Audit report by two of more auditors

A joint audit is an audit on a legal entity (the auditee) by two or more auditors to produce a single audit report, thereby sharing responsibility for the audit. A typical joint audit has audit planning performed jointly and fieldwork allocated to the auditors. The auditors are typically not individuals, but auditing firms. This work allocation may be rotated after a set number of years to mitigate the risk of over-familiarity. Work performed by each auditor is reviewed by the other, in most cases by exchanging audit summary reports. The critical issues at group level, including group consolidation, are reviewed jointly and there is joint reporting to the legal entity's management, its audit committee, a government entity, or the general public.

A joint audit is different from a dual audit, where a dual audit is performed by two independent auditors issuing their own separate reports, which are then used by another auditor that ultimately reports on the entity as a whole. Since the audit reform in 2014 in Europe, joint auditing is encouraged but not obligated by the law. In combination with mandatory rotation it's effective to diversify the audit market. In France the joint audit system is obligated by law for PIE's.

==Uses==
Joint audits are used internationally, including in India, Denmark, Germany, Switzerland and the UK. In France, joint audit became a legal requirement in 1966, while in South Africa, a joint audit is mandatory for firms operating in the financial services sector.
In the United States, a joint audits are performed by the Internal Revenue Service (IRS) by using various specialists and agents simultaneously in a single tax audit. The state of Maryland has a joint audit committee, composed of members of the State House of Representatives and State Senate, responsible for reviewing the legislative audit.

==Auditor competence and independence==
Joint audit addresses two underlying principles of audit quality: auditors’ competence and independence. It enables a benchmarking of audit approaches and affords audit committees the opportunity to pick and choose the best local firms from within two global audit networks. Audit committees and investors have additional assurance that the audit opinion with which they are presented is complete. A joint audit allows rotation of audit firms, and retains knowledge and understanding of group operations in a way that minimizes the disruption caused when a single audit firm is changed. The rotation of audit firms is equally likely to mitigate the risk of over familiarity. Two firms can also stand stronger together against aggressive accounting treatments. In this way, joint audit effectively becomes a guardian for audit quality. The benchmarking that takes place between the two firms raises the level of service quality. In India, members of the company has the liberty to choose joint auditors.

==Market competition==
A joint audit has a further benefit in that it can encourage more competition between audit firms. Despite the fact that two Big Four firms can still be used on a joint audit, there is an opportunity for companies to be more willing to engage other firms in the process. The Big Four then becomes the best seven or eight, as more firms are given the opportunity to demonstrate their capabilities, while clients can retain a Big Four signature where they feel it is needed. A recent report produced by consultants London Economics for the European Commission highlighted that France and Denmark (two countries with joint audits) are the two least concentrated audit markets in Europe.
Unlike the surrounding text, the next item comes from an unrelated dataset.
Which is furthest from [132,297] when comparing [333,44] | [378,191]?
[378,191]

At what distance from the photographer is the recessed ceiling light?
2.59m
Some critics believe that it is difficult for two firms, who outside of the joint audit are competitors, to easily co-operate with each other during the audit. The degree of co-operation, and its effectiveness, is essentially down to the spirit in which the two audit firms approach the joint audit. If they approach the audit with a willingness to work together to provide a company's shareholders with what they truly value – namely confidence in the financial position of the company in which they are investing – communication will not be a problem. If they favour competition over collaboration, the outcome is poor.

==Costs==
Increased costs is the most commonly cited objection to joint audits. Joint audit adds approximately 10% to audit time, mostly at the highest levels of the audit team (managers and partners). In the longer term, it could bring about a reduction in audit costs as a result of (1) increased market competition, and (2) benchmarking of prices and efficiencies between the two joint auditors by the Audit Committee of the audited organization.

Joint audit delivers increased reporting on audit time and rates applied across the group. A recent comparative analysis of audit fees between Germany and France shows that companies with joint audit pay significantly less for their audit than companies without joint audit.

Joint audit increases time spent by the senior staff on the audit team, and the senior management of the group or organization.

==Joint Audit (Tax)==
A joint tax audit is the examination of a business or individual tax return by a common audit team with members of two or more States examining cross-border tax situations as one tax audit to gain a uniform actual and legal assessment concerning this situation.